Description of the task: Write the records out again exactly, but without pictures.

*** Opening of Supplied material ***

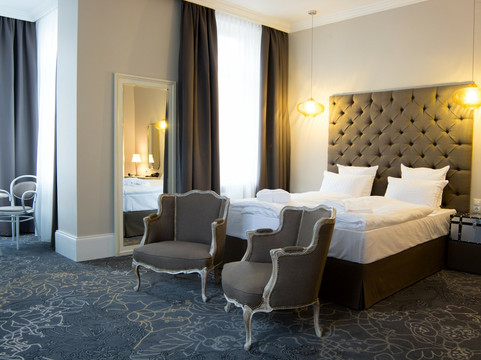 柴可夫斯基酒店主图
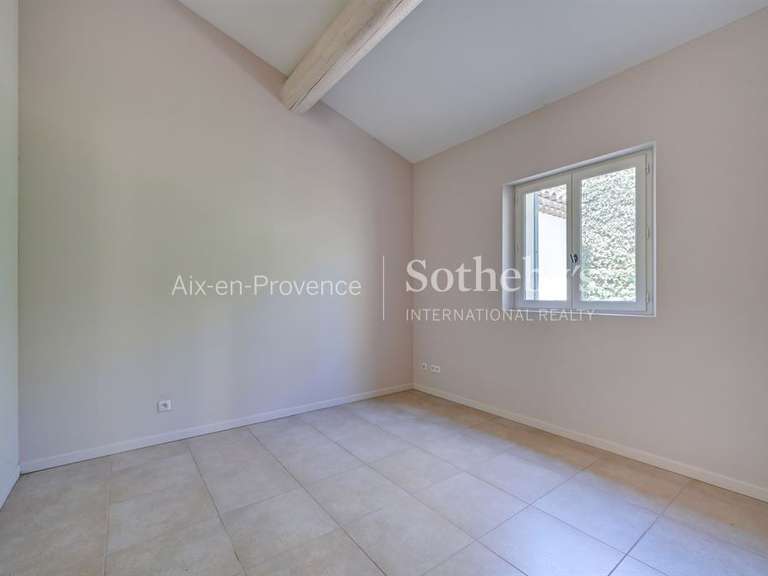 Maison Aix-en-Provence - 4 chambres - 153m²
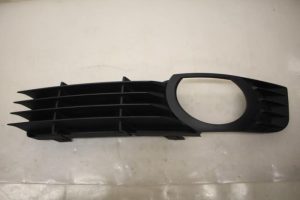 17796200 – 4E0807681A3FZ – Bumper Rooster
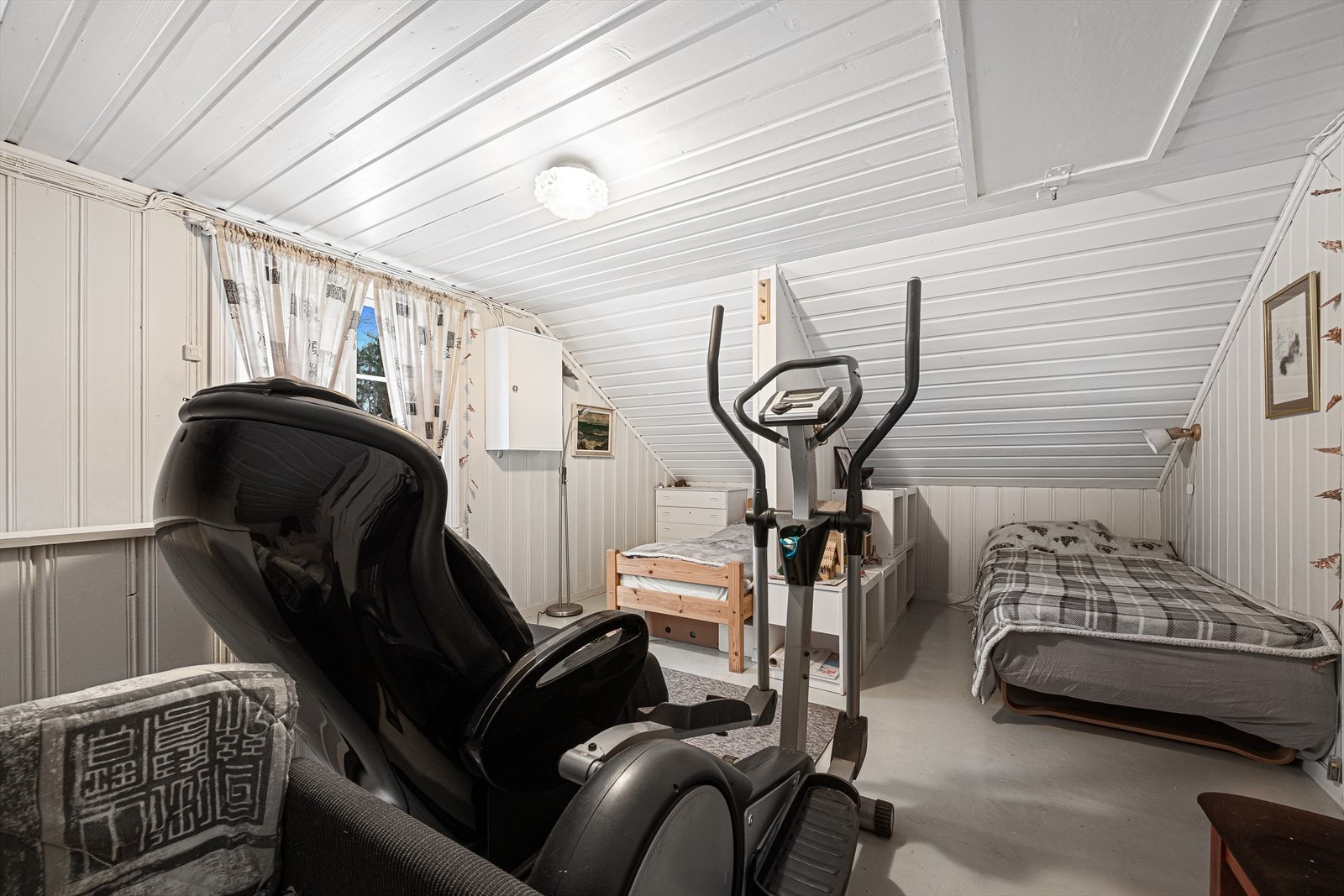 I loftstuen er det loftsluke og kott. Galleribilde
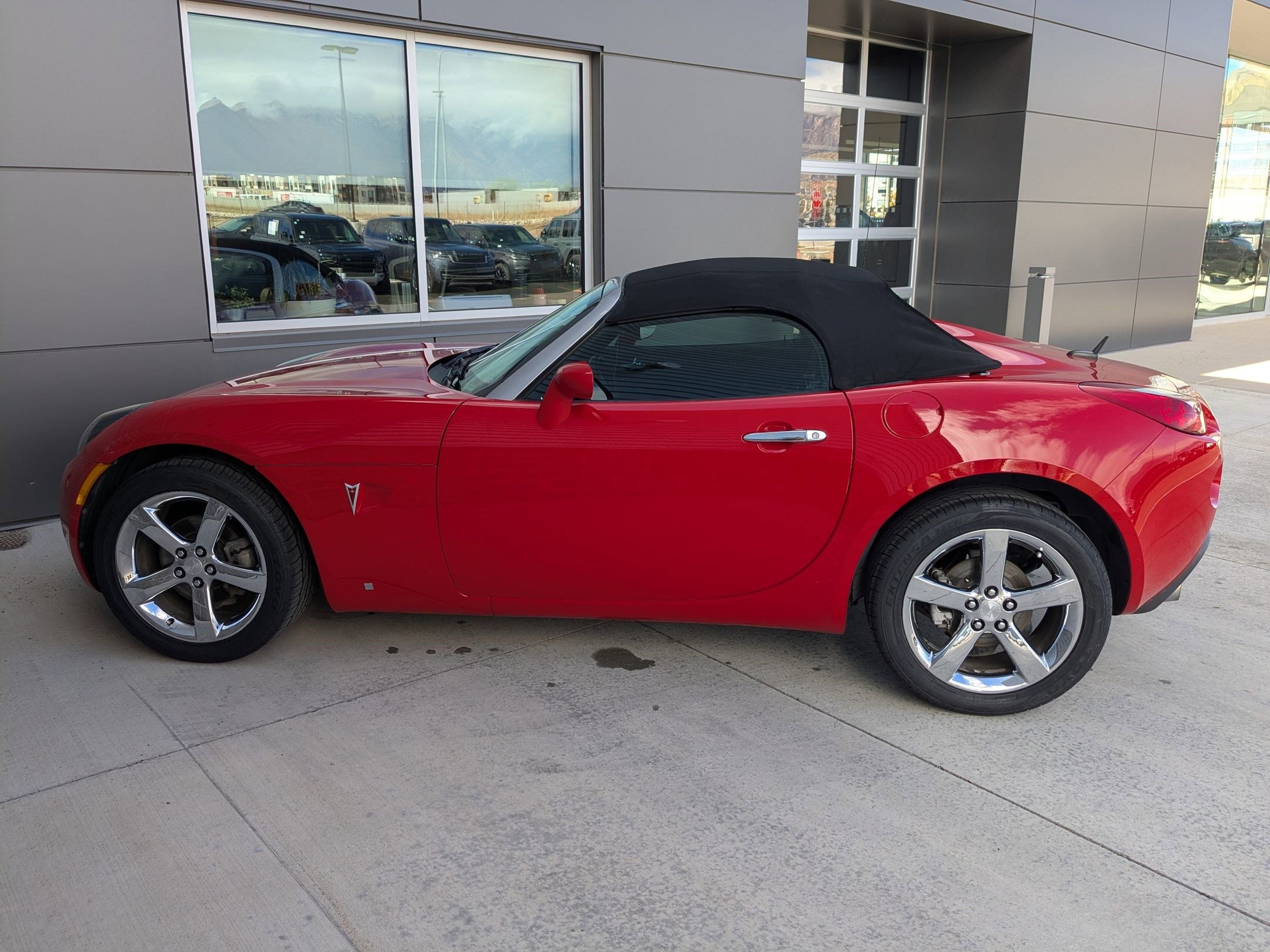 Used 2007 Pontiac Solstice GXP with VIN 1G2MG35X27Y133489 for sale in Lehi, UT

*** Close of Supplied material ***

Finished exercise:
 柴可夫斯基酒店主图
 Maison Aix-en-Provence - 4 chambres - 153m²
 17796200 – 4E0807681A3FZ – Bumper Rooster
 I loftstuen er det loftsluke og kott. Galleribilde
 Used 2007 Pontiac Solstice GXP with VIN 1G2MG35X27Y133489 for sale in Lehi, UT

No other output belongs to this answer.